Problem statement
Reproduce the first line of the entries that follow and each later line, word for word, ending with the one containing "24 CANDELINE A SPIRALE COLORATE DA 6 cm".

Material supplied
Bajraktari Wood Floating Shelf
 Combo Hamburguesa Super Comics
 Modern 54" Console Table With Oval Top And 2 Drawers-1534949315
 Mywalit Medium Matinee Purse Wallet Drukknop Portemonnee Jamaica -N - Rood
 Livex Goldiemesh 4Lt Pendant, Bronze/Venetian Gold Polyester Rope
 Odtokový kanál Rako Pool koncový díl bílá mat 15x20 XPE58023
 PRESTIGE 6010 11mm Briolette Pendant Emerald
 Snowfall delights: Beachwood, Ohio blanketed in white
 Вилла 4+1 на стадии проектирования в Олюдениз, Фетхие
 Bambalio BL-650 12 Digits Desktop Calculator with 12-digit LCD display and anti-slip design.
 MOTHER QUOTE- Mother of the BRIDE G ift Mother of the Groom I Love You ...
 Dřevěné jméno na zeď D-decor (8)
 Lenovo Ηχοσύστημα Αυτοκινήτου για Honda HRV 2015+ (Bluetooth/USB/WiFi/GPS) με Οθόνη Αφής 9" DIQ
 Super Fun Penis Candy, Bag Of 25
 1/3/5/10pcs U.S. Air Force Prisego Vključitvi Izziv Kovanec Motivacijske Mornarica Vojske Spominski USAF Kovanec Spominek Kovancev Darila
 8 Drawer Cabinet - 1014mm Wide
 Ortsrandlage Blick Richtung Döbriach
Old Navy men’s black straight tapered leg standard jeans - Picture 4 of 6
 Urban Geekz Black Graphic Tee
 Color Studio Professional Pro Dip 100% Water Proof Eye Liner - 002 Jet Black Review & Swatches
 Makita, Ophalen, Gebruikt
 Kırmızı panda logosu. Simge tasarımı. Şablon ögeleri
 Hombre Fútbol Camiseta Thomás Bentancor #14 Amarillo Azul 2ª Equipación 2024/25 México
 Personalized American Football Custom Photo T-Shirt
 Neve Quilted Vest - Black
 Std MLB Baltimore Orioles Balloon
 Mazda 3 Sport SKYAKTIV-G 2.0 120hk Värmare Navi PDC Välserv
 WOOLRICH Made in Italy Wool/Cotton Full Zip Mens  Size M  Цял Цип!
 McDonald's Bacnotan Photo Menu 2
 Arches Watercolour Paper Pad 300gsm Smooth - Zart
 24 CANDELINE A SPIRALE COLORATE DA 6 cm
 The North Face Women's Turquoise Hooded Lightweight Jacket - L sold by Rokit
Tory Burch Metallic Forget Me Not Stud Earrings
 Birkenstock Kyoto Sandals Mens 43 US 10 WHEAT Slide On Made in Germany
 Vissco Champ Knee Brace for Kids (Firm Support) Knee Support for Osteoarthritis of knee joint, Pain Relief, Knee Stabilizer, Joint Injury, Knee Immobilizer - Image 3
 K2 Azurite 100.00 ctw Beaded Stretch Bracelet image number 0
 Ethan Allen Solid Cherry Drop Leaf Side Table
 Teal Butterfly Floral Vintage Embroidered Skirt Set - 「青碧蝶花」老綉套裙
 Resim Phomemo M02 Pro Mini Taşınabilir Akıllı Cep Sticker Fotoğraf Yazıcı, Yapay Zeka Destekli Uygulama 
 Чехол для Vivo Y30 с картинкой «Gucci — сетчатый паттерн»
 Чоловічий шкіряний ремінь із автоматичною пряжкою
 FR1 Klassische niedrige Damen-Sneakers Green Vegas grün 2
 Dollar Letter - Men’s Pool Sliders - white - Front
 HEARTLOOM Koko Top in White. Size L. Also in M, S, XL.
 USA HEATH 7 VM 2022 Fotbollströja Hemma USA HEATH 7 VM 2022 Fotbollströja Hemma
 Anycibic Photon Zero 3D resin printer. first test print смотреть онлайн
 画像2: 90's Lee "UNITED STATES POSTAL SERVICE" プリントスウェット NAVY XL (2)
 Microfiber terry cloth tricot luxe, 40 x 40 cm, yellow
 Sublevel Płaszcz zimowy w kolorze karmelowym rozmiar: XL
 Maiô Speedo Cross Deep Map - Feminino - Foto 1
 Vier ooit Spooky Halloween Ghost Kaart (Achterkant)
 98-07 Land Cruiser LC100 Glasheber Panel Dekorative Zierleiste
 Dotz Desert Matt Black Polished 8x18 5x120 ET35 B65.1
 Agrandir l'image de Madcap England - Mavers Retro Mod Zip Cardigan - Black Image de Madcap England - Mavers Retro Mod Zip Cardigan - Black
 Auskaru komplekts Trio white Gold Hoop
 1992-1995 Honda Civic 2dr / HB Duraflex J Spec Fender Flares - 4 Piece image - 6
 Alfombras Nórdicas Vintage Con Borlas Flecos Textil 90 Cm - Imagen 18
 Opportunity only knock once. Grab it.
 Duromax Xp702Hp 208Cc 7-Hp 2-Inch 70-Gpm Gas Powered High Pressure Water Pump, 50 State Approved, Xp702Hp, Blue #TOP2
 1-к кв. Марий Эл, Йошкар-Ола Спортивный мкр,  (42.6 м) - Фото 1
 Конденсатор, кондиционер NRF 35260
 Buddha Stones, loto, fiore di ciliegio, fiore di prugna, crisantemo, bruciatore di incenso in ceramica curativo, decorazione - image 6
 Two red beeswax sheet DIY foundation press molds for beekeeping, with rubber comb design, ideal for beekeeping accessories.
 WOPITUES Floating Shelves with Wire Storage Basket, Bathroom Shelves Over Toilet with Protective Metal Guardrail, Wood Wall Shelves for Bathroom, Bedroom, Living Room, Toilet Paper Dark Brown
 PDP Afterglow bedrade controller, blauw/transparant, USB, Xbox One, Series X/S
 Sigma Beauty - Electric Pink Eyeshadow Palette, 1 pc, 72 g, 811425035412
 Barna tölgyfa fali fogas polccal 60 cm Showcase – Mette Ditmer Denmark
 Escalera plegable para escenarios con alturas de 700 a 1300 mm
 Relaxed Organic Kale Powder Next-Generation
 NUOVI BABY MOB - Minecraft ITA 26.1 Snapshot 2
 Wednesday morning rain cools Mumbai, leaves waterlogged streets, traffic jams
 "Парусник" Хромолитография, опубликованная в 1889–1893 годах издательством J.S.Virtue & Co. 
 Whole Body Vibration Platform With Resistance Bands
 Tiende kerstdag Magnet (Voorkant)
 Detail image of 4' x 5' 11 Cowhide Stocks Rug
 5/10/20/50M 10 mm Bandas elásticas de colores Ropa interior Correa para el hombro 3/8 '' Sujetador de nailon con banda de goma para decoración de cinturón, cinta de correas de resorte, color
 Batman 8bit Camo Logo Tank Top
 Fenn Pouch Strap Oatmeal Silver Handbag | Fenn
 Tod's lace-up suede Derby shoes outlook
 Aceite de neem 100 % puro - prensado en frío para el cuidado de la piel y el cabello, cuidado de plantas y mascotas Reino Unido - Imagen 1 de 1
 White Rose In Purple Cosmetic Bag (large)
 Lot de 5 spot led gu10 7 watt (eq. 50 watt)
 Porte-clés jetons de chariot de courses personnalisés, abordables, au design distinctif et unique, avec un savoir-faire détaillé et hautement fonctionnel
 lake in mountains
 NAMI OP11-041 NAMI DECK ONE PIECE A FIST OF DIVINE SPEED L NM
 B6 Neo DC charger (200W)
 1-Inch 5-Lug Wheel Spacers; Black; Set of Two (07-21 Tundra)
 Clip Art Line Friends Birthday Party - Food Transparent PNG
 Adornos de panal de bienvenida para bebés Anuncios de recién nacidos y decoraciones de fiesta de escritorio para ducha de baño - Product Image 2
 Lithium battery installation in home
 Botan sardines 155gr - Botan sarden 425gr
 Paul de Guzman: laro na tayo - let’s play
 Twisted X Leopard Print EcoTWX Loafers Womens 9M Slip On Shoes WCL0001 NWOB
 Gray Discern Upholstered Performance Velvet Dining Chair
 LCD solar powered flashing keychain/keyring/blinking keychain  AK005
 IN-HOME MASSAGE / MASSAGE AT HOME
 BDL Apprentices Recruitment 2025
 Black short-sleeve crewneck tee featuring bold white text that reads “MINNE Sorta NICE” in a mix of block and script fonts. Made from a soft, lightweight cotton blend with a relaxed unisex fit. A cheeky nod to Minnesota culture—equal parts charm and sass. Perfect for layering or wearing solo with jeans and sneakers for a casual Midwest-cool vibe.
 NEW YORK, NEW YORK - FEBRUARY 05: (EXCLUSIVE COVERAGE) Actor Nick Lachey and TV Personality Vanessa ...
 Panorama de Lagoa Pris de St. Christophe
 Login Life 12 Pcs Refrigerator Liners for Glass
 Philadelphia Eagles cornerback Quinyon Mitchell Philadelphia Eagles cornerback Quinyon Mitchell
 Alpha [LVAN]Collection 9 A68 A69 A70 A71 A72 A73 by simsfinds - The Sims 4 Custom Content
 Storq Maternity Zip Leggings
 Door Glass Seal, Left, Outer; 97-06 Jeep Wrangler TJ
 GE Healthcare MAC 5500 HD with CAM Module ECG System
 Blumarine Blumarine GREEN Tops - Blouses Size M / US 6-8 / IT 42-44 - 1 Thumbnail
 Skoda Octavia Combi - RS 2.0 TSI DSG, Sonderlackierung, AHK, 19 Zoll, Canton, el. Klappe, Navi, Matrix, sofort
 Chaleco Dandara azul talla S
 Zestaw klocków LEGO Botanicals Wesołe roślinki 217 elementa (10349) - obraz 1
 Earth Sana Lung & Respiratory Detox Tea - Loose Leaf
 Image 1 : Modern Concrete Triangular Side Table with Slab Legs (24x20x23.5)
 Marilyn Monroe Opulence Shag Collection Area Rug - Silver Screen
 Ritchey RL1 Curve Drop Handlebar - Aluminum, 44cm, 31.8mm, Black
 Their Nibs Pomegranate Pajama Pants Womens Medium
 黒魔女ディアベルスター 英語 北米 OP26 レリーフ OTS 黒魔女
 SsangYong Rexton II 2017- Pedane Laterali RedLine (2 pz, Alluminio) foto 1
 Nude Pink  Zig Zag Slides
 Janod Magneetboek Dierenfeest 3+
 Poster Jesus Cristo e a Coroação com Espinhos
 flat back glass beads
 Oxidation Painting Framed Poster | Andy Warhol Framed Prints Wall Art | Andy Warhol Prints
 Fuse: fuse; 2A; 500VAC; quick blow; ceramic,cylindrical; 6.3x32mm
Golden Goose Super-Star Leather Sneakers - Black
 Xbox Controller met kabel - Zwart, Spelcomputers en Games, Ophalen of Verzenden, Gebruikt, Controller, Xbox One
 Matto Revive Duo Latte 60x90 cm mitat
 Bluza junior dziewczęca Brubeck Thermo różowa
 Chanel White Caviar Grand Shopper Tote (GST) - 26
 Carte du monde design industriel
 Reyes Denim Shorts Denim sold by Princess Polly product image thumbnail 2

Exercise solution
Bajraktari Wood Floating Shelf
 Combo Hamburguesa Super Comics
 Modern 54" Console Table With Oval Top And 2 Drawers-1534949315
 Mywalit Medium Matinee Purse Wallet Drukknop Portemonnee Jamaica -N - Rood
 Livex Goldiemesh 4Lt Pendant, Bronze/Venetian Gold Polyester Rope
 Odtokový kanál Rako Pool koncový díl bílá mat 15x20 XPE58023
 PRESTIGE 6010 11mm Briolette Pendant Emerald
 Snowfall delights: Beachwood, Ohio blanketed in white
 Вилла 4+1 на стадии проектирования в Олюдениз, Фетхие
 Bambalio BL-650 12 Digits Desktop Calculator with 12-digit LCD display and anti-slip design.
 MOTHER QUOTE- Mother of the BRIDE G ift Mother of the Groom I Love You ...
 Dřevěné jméno na zeď D-decor (8)
 Lenovo Ηχοσύστημα Αυτοκινήτου για Honda HRV 2015+ (Bluetooth/USB/WiFi/GPS) με Οθόνη Αφής 9" DIQ
 Super Fun Penis Candy, Bag Of 25
 1/3/5/10pcs U.S. Air Force Prisego Vključitvi Izziv Kovanec Motivacijske Mornarica Vojske Spominski USAF Kovanec Spominek Kovancev Darila
 8 Drawer Cabinet - 1014mm Wide
 Ortsrandlage Blick Richtung Döbriach
Old Navy men’s black straight tapered leg standard jeans - Picture 4 of 6
 Urban Geekz Black Graphic Tee
 Color Studio Professional Pro Dip 100% Water Proof Eye Liner - 002 Jet Black Review & Swatches
 Makita, Ophalen, Gebruikt
 Kırmızı panda logosu. Simge tasarımı. Şablon ögeleri
 Hombre Fútbol Camiseta Thomás Bentancor #14 Amarillo Azul 2ª Equipación 2024/25 México
 Personalized American Football Custom Photo T-Shirt
 Neve Quilted Vest - Black
 Std MLB Baltimore Orioles Balloon
 Mazda 3 Sport SKYAKTIV-G 2.0 120hk Värmare Navi PDC Välserv
 WOOLRICH Made in Italy Wool/Cotton Full Zip Mens  Size M  Цял Цип!
 McDonald's Bacnotan Photo Menu 2
 Arches Watercolour Paper Pad 300gsm Smooth - Zart
 24 CANDELINE A SPIRALE COLORATE DA 6 cm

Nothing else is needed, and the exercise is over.